To me this is a much different query than name the best fragrances ever. When asked what I would want to wear on a desert island it means to me a fragrance that would not be boring as I wore it every day. A fragrance that would be comforting and energizing. A fragrance which would be an olfactory Friday to my Robinson Crusoe or Wilson to my Tom Hanks. A fragrance which would remind me why I wanted to get off the island. For me that fragrance is 2007’s Frapin Caravelle Epicee.
I learned about Caravelle Epicee one morning in 2007 when a Basenotes member “Two Roads” listed it as his Scent of the Day followed by the note list: coriander, cardamom, clove, cumin, nutmeg, allspice, thyme, gaiac wood, patchouli, sandalwood, amber, and tobacco.
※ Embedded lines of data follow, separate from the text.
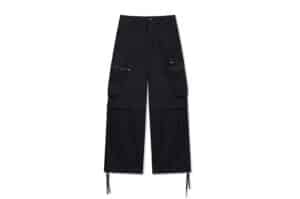 Matin Kim Detachable Cargo Pants Black PT002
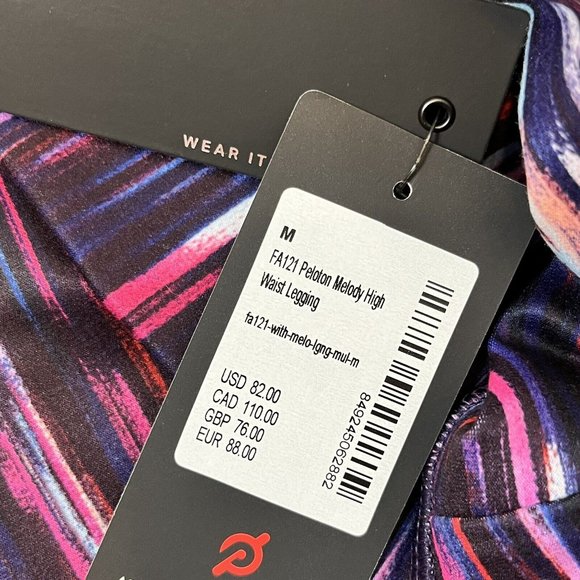 NWT $82 WITH x Peloton Melody High Waist Leggings Muticolor Womens Size Medium - Picture 6 of 8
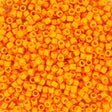 miyuki beads Miyuki Delica Perler, DB2104, Duracoat Opaque Dyed Kumquat, 11/0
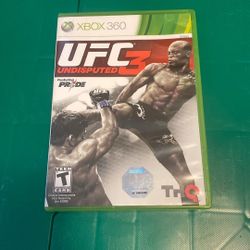 Xbox 360 UFC Undisputed 3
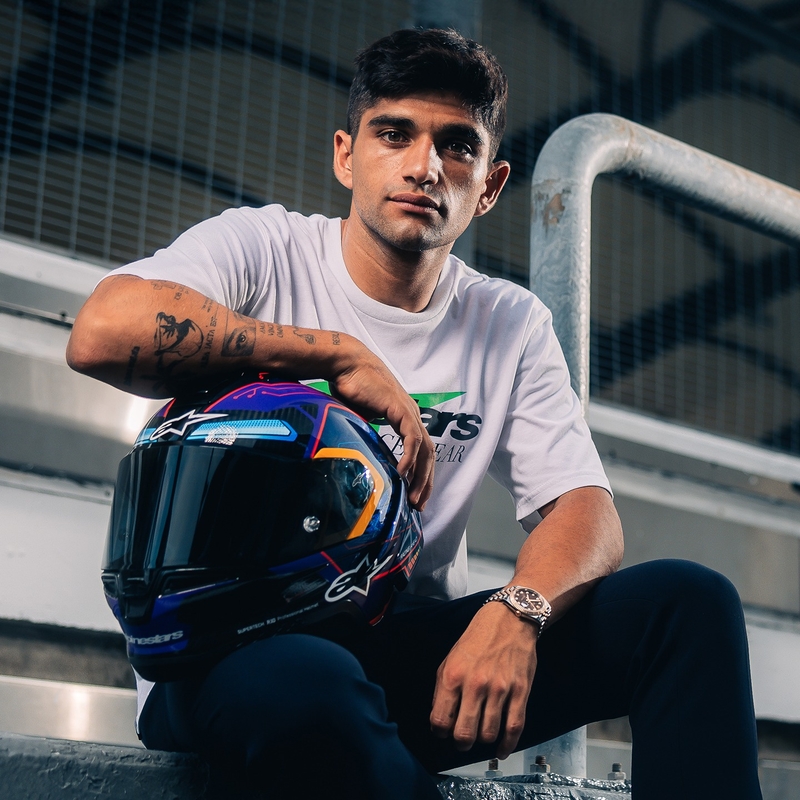 Alpinestars Supertech R-10 περιορισμένη έκδοση Martinator Jorge Martin μπλε-μωβ-κόκκινο-κίτρινο κράνος μοτοσικλέτας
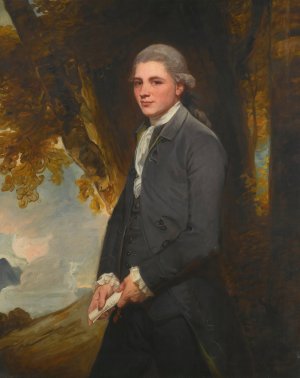 Portrait Of John Redhead by George Romney Oil Painting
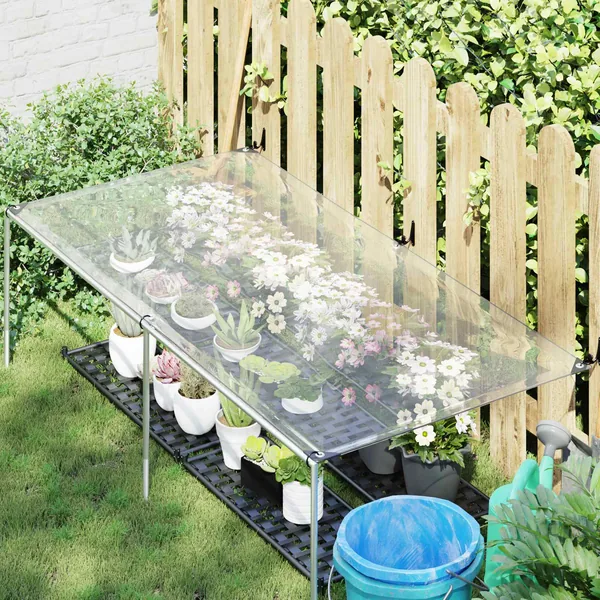 Bâche avec œillets Transparent 2 x 1,5 m Polyéthylène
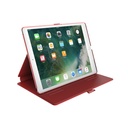Speck 9.7" Ipad Pro Balance Folio, Slim 4-Foot Drop Tested Ipad Folio With Adjustable Stand, Black/Slate Grey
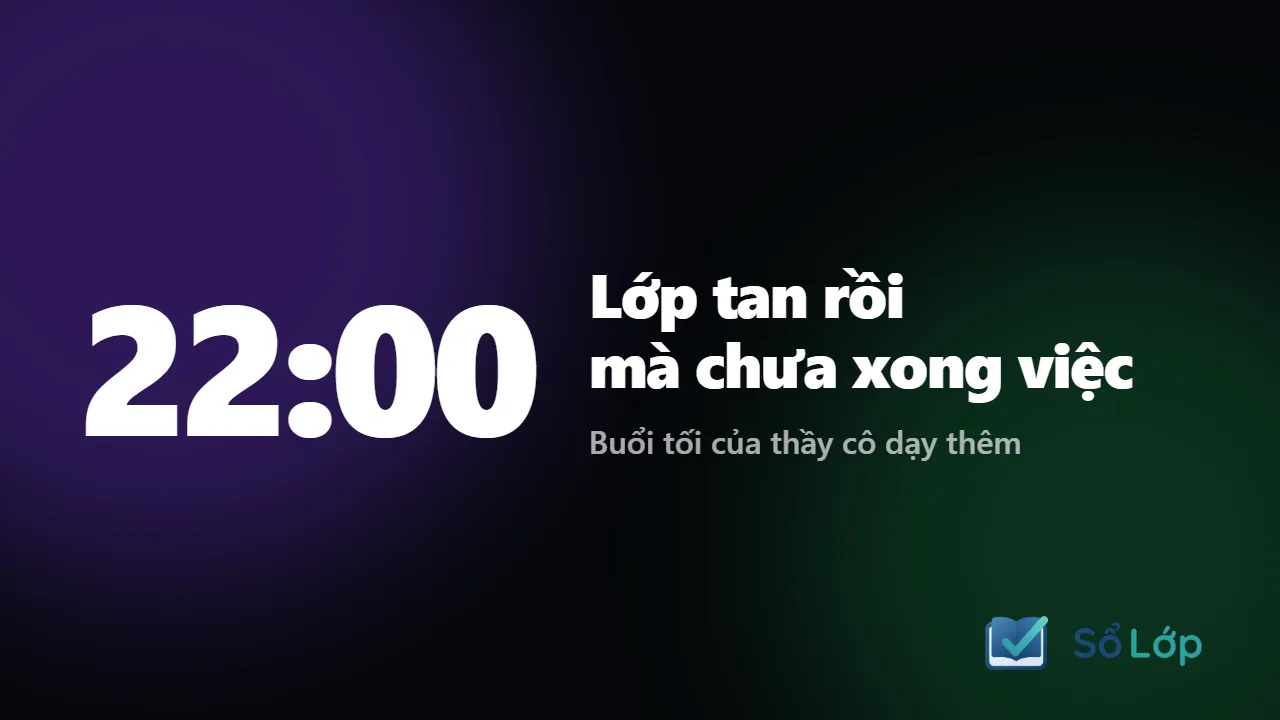 Ảnh đại diện video giới thiệu Sổ Lớp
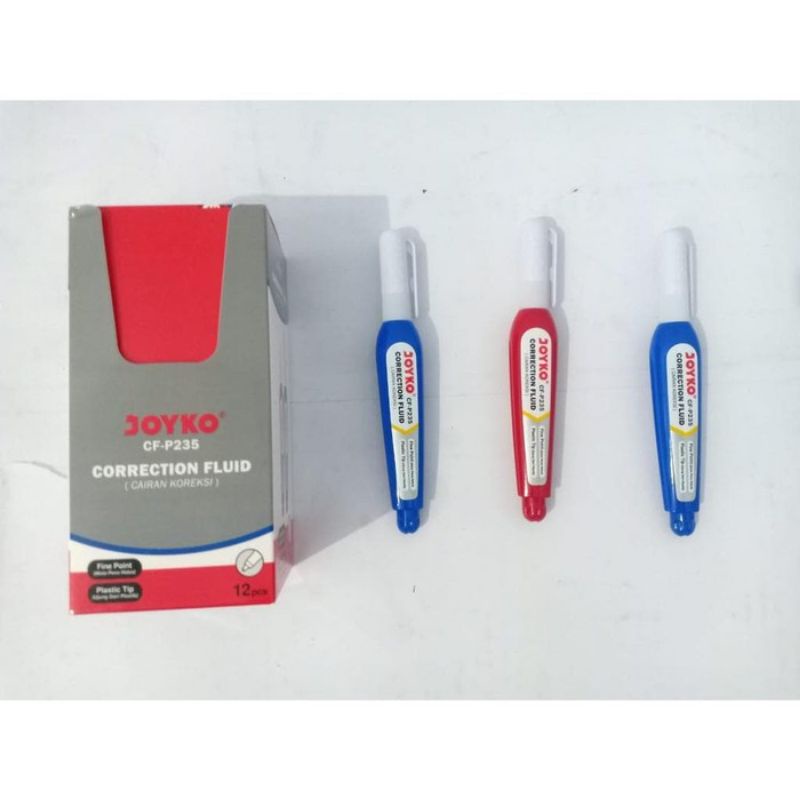 

(12 pcs) Tipe ex cair joyko kecil / correction p235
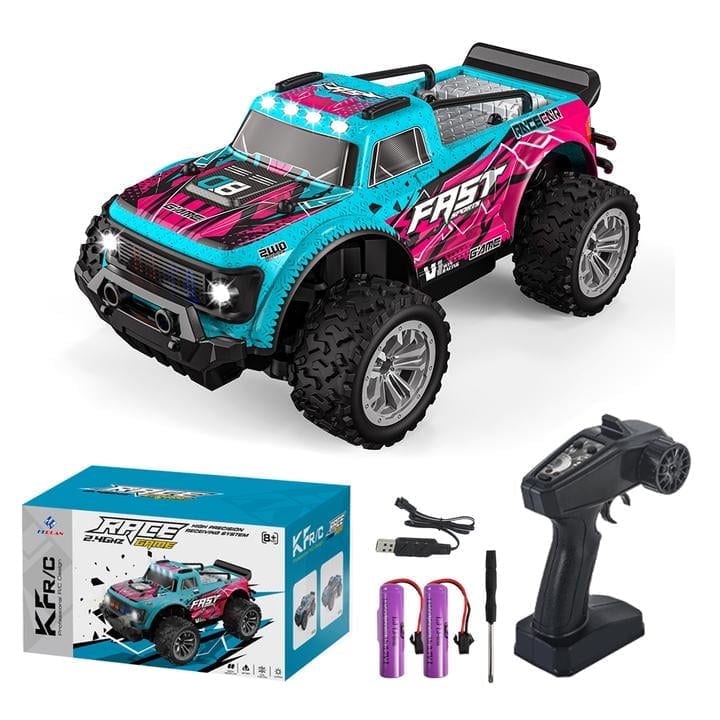 Topteng - KF23 1:20 Scale 2WD Remote Control Car -2x500mAh Batteries, 2.4Ghz Off-Road Racing,40m Range,All-Terrain RC Toy for Kids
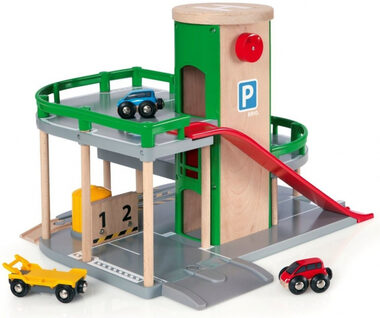 BRIO Patrové parkovací garáže s výtahem / od 3 let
He generously sent me a sample and a few days later I would wear it for the first time but not the last time.
Jeanne-Marie Faugier
Jeanne-Marie Faugier is the perfumer under the Creative Direction of Frapin’s David Frossard. Caravelle Epicee translates to Spice Ship and I have always seen it as an olfactory landscape of the hold of a 17th Century Dutch East India Company ship just after it has unloaded its cargo after returning to its European port from a trip to the Indonesian Spice Islands. As you can tell from the list of notes above this is a veritable smorgasbord of spice. Mme Faugier is able to keep what could have been an unruly cacophony instead tuned to politeness with an almost genteel façade. This is why I describe it as standing in the hold after it has been unloaded because the spices seem to reach a certain level and then never get much more intense. After the spices there was obviously some tobacco also in the hold and then you smell the wood of the ship as the patchouli, gaiac, and sandalwood combine to give that accord. I also always get a tiny hint of an aquatic accord which captures the water just on the other side of the hull.
Caravelle Epicee has all-day longevity and average sillage.
There you have it and finally I have put this down in print so the next time I get asked this question I can just forward them this link.
Disclosure: this review is based on a bottle of Caravell Epicee that I purchased.